Both the application server and the mail-relay server are CentOS 6
The problem I have seems to be on the mail relay side. According to the logs (and I'm not sure I'm reading them correctly) the records per email transaction is as follows:-
Jun 19 13:17:31 client=unknown[application server IP]
Jun 19 13:17:54 message-id=<2082491272.62178179332185502.JavaMail.wasuser@server.with.our.internal.suffix>
Jun 19 13:17:54 warning:
Jun 19 13:17:54 from=<orders@my-company-email.domain>,
Jun 19 13:17:55 enabling
Jun 19 13:17:56 to=<customer-email@email.provider.domain>,
Jun 19 13:17:56 removed
This sanitised records is an extract from /var/log/maillog and is fields 1, 2, 3 & 7 based on field 6 being a unique reference number, in this case EA866605CA I've grabbed only these fields as the rest are markers such as what wrote the message etc. I can provide the full (sanitised) output if that is needed but I'm hoping it's not.
The problem I see is that only about 30% of the mail is being processed within 1 second. The above example has a delay of 23 seconds between the first two records. As a cumulative frequency graph, after 30% getting processed within 1 second (or actually under 2 seconds I guess) to get to 31% we have to count everything under 18 seconds. Half is accepted under 22 seconds and 98% under 28 seconds. The volumes don't seem to matter if this is a few days worth of logs, or tied to a specific hour - it's a 24-hour operation so there are no real quiet periods.
The mail is sporadic and I can find no pattern between multiple requests and a slow-down at all. Some running by themselves are slow and some running in parallel fly through.

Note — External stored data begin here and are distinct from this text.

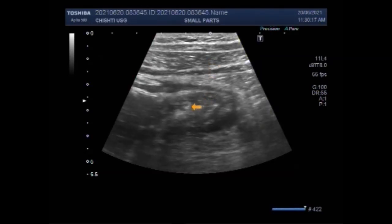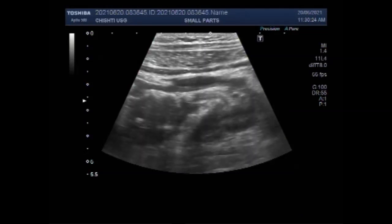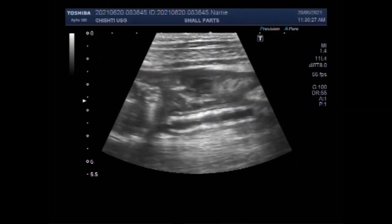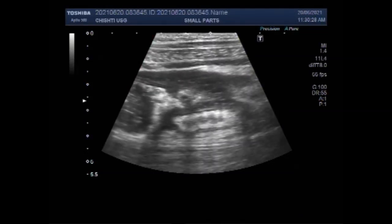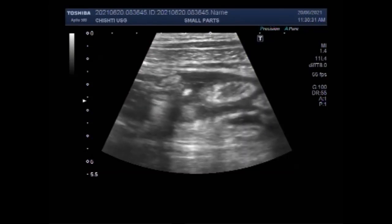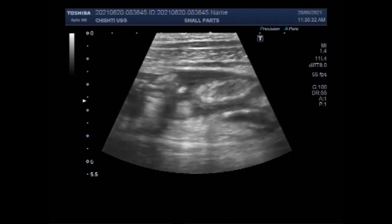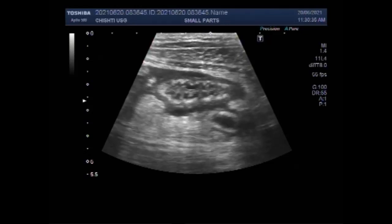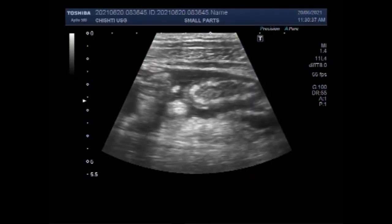As you have seen, I have traced the ascending colon. Now this is the cecum, and if you sweep the probe around this area, you can find the inflamed appendix. You can also see the fluid around these gut loops.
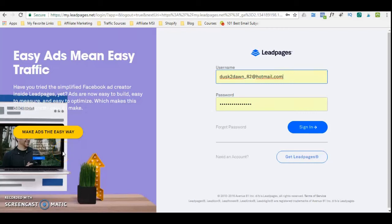Hey guys, it's Dawn. In this video, I want to show you how you can create a sales funnel using Leadpages.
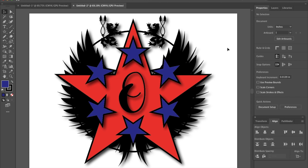This is exactly what I want you to make. You can change the letter in the middle, but otherwise I want you to create this look. The idea is that you're able to learn how to do these different shapes, how to rotate things, how to put these symbols in place, and how to add effects to them. By putting all those things in place, you'll really have learned some good skills in order to create your own logo for your superhero.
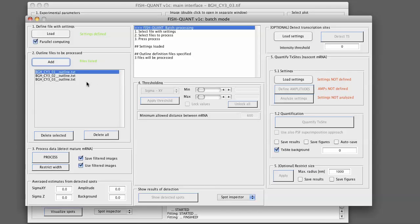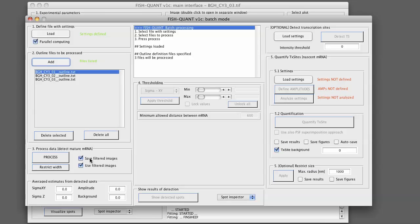We could now already process those files. One thing that will happen is that we do not have any filtered images yet. They will be filtered based on the settings that we specified. We have here two default settings. Save filtered images simply means that those filtered images will be saved in the same folder than the raw images. And FishQuant will automatically generate new outline files that reference those filtered images. This means that if you want to reprocess those files you don't have to go through the filtering step again.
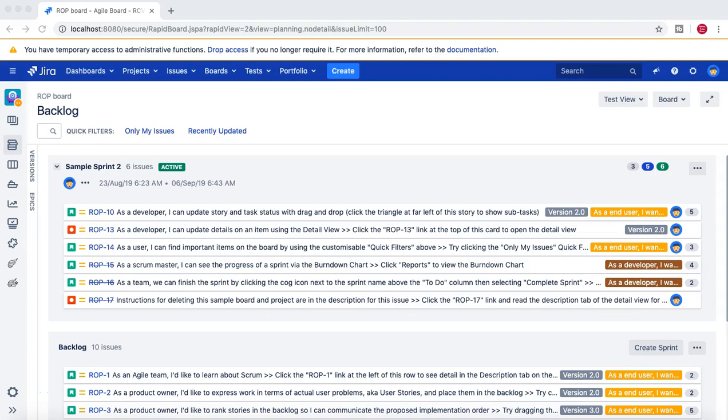Hello guys, welcome to another Jira administration tutorial from rcvacademy.com. In this tutorial we are going to learn about creating a new permission scheme and then associating that permission scheme with new projects in your organization.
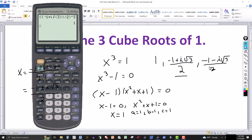So again, we have the 3 cube roots of 1. One is a real number, and the other 2 are imaginary or complex. You could do the same thing with the 4th roots of 1 — just put a 4 there and solve that 4th degree equation for x, and you would get 4 fourth roots: 2 would be real and the other 2 would be imaginary. Thanks for watching, we'll see you next time.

I have been digging to find what I would consider a normal performance bottleneck or contention (CPU is 88% idle at worst, swap is unused, eth0 is ca. 20Kbps for both in- and out-bound etc.) and I'm very confused where to look next
There are various delays on actually sending the email out of the company, but I think that the application will have carried on by that point, so I'm not too worried about that side. Sadly, the server has been build with the minimum two single filesystems ( / & /boot ) which isn't great but it's not full (currently 46% of 7.5Gb used)
Can anyone suggest where I should be looking next? I would very much like a simple guide because I've only worked with mail as either a client or defining which server is the relay before.
Many thanks, in advance,
Robin